# problems with my surround sound



## hereforyou (Dec 27, 2012)

my surround sound works when playing movies and music but i hooked up an optical wire and the sound only comes out of one side of the speakers not full surround sound ...what do i do i even tried buying a new optic cable and it still only comes out one side when trying to watch tv.....:angry:


----------



## 2xg (Aug 5, 2009)

Welcome to TSF,

I hope that I have moved you to the proper Forum. Someone should move it to the appropriate section just in case....:grin:


----------



## Kefali (Nov 11, 2012)

Too vague. Please list your equipment (make and model) including the loudspeakers and explain how it's all interconnected. Also please describe the sound source.

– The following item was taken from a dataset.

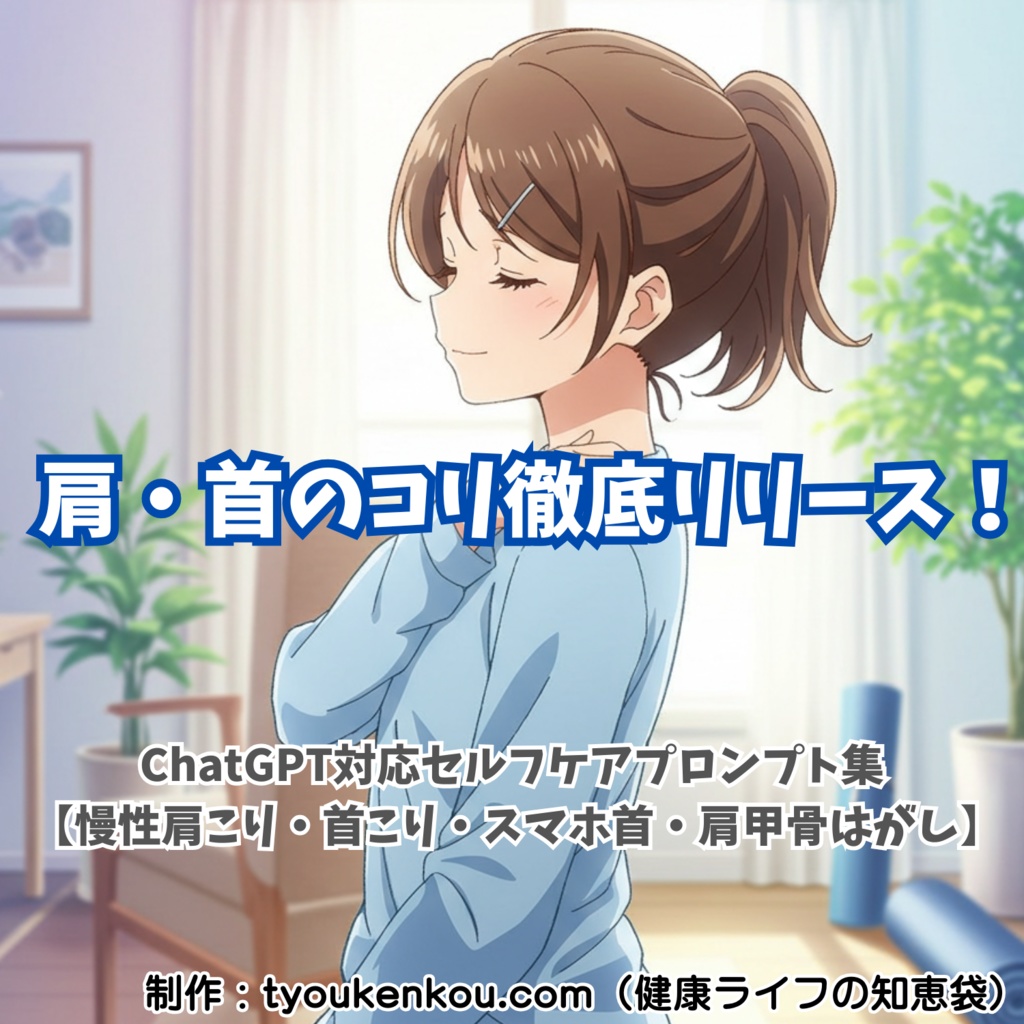肩・首のコリ徹底リリース！セルフケアプロンプト集【ChatGPT対応】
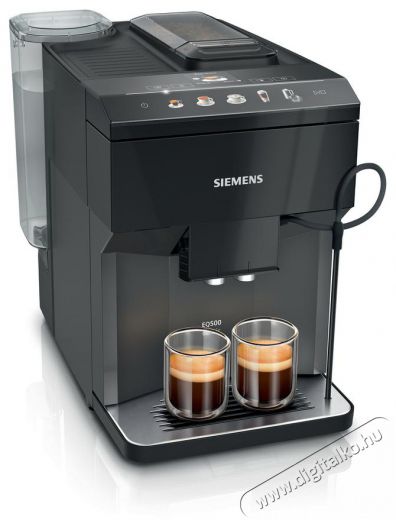 Siemens TP511R09 fekete automata kávéfőző Konyhai termékek - Kávéfőző / kávéörlő / kiegészítő - Automata kávéfőző - 505122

If it works OK, why did you add the TOSLINK connection?


----------



## Done_Fishin (Oct 10, 2006)

It's quite possible that the TOSLINK output doesn't support full surround sound playback .. I am assuming that you have checked your manual for this for equipment connected at both ends of the optical cable.


----------



## JimE (Apr 16, 2009)

The source is the determining factor, not how it's connected. In other words, if the source device or media is stereo, then the output will be stereo. The type of cable used to connect the device doesn't matter.

With that said, all of the Receivers I've used since the 80's have had the ability to produce surround sound from a stereo source. Check the User Manual.

We can't help further as we have no idea what hardware is being used, how it's connected, and what media source is being used.


----------